Auch dieser TV-Produzent, des Deutschen nicht mächtig, wurde erst nach dieser Begegnung, dem Beinahe-Unfall, auf meinen uralten Goethe-Artikel aufmerksam gemacht und kontaktierte mich dann. Interviewte mich vier Stunden lang, wo denn in Deutschland dieses oder jenes über Goethe zu erfahren sei. Das riesige gemeinsame Wiener Grabmahl der Familien "von Schiller" und "von Goethe" interessierte ihn hingegen weniger.

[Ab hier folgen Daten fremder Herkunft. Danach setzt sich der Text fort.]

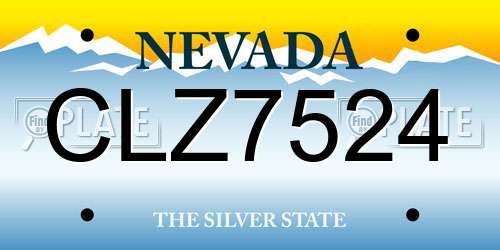 CLZ7524 Nevada License Plate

Und als ich dann als persönlicher Gast einer alten Dame auf dem Familiensitz der Gottys erschien, riss er mir ziemlich pronto die Epauletten von den Schultern und verlangte die Herausgabe meiner Fotos und Notizen. Nun bin ich nicht Alan Whicker, der um die Welt reist und mal Papa Doc und mal Idi Amin interviewt - und so enthielt ich mich des Lachens. Was mich am meisten enttäuscht, sagt er, ist, dass du deiner eigenen Aussage nach deinen Artikel über Goethe für Geld geschrieben hast.

Ich verstand natürlich, dass er seinen TV-Film als Huldigung an die Familie seiner Mutter betrieb. Ich hatte gerade Karin Strucks Die Mutter aus dem Müll des Goethe-Instituts gefischt (Struck hatte damals, 1977, ihrerseits ihr Buch als Reaktion auf Peter Handkes Wunschloses Unglück geschrieben) und konnte seine Gefühle nachempfinden. Aber als Journalist schreibe ich nun mal für Geld - und Englisch spreche ich mit Deutschen und Österreichern auch nur für 25 Euro die Stunde. Und natürlich fand ich die Unterstellung ein wenig hart, dass ich meine ganzen Artikel nur bei anderen Leuten abgeschrieben hätte. Dann beruhigte er sich aber wieder, und ich sagte: Alles klar, du bist Diabetiker, da gibt es solche Stimmungsumschwünge.

Wie die Schweizer und Schweden immer verwechselt werden in aller Welt, Auszug aus einem finnischen Blatt. Bild: Tom Appleton

Aber das Publikationsverbot steht natürlich. So kann ich also nur berichten, dass ich auf dem Marae ein wenig deutsche Sprache zu Gehör brachte, denn keiner der Gottys hat Zeit Lebens einmal etwas Deutsch gehört. Ich hatte kurz zuvor einen Artikel in einem konservativen Blatt aus Schweden gelesen (ach nein, aus der Schweiz - die beiden Länder werden international bekanntlich immer wieder verwechselt - ich sage, müssen sich die Schweden eben Schwätzer nennen und die Schweizer Schweigen), dass die Deutschen solche Probleme mit dem Wort Zigeuner haben und stattdessen immer Sinti und Roma sagen müssen. Ich sagte: Ich bin ein Zigeuner, aber kein Sinti oder Roma. Und schrieb einen Text, den ich 25 mal im Auto sang, bevor ich ihn dann in dem Marae vor all den Gottys zu Gehör brachte.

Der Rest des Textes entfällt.